By Allison Lampert
LASVEGAS (Reuters) – Gulfstream Aerospace Corp President Mark Burns said on Tuesday he expected regulators to ask for more details on software when the company certifies its new G700 long-range corporate jet, following two crashes involving the Boeing 737 MAX.
Gulfstream, a division of General Dynamics Corp <GD.N>, unveiled its widely expected G700 on Monday in Las Vegas, as the biggest business jet show in the world kicks off.
In an interview, Burns said he believed the Federal Aviation Administration (FAA) and other regulators would seek more information during the G700 certification, following the crashes, although did not expect any unreasonable requests.
The process for certifying new aircraft in the United States has come under scrutiny following the fatal crashes of two flights involving the Boeing <BA.N> MAX in October 2018 and March 2019.
During the certification of its G600 business jet in 2019, Gulfstream received additional requests from the FAA on the aircraft systems, understanding how things worked and how they worked together, he said.
“I do think the FAA will take a different approach on software,” he said on the sidelines of the National Business Aviation Association’s annual show.
“I don’t think it’s anything that concerns us. I think that it will be probably very much like the G600 certification. I think it will be the same level of depth of system knowledge that they will want us to explain.”
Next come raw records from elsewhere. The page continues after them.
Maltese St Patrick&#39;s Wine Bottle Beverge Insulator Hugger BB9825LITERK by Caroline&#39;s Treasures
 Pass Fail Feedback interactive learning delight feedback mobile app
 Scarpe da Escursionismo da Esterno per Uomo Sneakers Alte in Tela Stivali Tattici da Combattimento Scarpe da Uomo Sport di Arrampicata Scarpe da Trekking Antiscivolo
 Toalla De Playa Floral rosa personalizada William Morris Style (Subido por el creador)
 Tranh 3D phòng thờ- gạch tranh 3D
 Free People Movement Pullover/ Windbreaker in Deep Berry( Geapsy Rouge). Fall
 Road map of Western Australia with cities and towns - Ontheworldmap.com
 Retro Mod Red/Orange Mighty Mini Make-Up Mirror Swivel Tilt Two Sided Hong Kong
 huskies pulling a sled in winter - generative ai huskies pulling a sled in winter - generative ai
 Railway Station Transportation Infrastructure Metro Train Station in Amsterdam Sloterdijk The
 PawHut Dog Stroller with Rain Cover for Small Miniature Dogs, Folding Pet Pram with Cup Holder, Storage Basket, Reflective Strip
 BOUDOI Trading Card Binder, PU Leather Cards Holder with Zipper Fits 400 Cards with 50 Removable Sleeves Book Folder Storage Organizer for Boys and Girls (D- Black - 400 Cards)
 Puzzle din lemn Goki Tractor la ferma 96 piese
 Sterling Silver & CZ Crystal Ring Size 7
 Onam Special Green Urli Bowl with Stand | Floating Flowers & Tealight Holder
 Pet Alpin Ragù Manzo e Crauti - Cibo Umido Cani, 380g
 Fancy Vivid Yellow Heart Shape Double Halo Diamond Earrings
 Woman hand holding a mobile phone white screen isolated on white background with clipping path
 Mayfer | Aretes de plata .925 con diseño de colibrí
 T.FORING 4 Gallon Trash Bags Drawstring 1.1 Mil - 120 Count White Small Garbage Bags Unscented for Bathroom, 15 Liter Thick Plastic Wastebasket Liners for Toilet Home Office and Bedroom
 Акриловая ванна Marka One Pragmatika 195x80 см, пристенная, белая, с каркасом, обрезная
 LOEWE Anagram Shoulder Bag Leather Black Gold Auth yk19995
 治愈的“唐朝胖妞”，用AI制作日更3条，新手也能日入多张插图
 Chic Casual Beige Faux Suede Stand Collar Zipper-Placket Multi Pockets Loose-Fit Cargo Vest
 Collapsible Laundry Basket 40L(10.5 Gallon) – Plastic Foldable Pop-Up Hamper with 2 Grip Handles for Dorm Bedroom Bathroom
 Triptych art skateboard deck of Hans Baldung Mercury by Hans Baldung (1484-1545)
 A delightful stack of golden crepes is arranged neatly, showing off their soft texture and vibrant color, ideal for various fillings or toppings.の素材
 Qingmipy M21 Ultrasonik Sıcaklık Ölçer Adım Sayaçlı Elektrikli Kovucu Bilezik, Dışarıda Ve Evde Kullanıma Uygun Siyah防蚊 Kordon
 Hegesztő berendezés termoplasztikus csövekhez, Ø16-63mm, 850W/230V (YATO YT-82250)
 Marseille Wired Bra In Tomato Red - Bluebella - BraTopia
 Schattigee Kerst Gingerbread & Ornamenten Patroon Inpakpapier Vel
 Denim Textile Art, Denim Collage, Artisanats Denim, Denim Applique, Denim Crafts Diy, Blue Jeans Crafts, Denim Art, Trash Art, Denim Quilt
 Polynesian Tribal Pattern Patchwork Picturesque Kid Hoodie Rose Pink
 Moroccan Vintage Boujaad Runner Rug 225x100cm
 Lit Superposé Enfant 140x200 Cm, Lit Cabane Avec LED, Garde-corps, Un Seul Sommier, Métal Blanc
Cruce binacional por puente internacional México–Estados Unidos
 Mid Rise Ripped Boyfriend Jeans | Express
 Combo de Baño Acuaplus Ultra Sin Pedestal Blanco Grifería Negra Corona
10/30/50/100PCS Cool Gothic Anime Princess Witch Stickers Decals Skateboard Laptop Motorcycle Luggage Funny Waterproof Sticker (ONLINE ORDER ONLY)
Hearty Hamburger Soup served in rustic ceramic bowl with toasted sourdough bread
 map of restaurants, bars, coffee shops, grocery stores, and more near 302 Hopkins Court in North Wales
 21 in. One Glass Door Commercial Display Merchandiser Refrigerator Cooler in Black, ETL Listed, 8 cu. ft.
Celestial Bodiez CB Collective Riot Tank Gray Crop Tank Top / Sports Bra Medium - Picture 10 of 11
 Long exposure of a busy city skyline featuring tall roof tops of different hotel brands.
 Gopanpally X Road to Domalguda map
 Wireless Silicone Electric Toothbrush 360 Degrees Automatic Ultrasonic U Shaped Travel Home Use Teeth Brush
Gulfstream’s new G700 is a derivative of the planemaker’s strong-selling G650 long-range business jet, but features a new Rolls Royce Pearl 700 engine, cockpit and five-zone space including a crew-rest area.
The G700, which lists for $75 million (£58.19 million), will compete against Bombardier Inc’s <BBDb.TO> flagship Global 7500.
Burns said the aircraft’s first flight would happen “soon,” but declined to specify when.
Gulfstream has already received 10 firm orders for the G700 from Qatar Executive, a division of Qatar Airways and Burns said the plane is sold out for more than a year.
“You cannot get a 2022 airplane,” he said.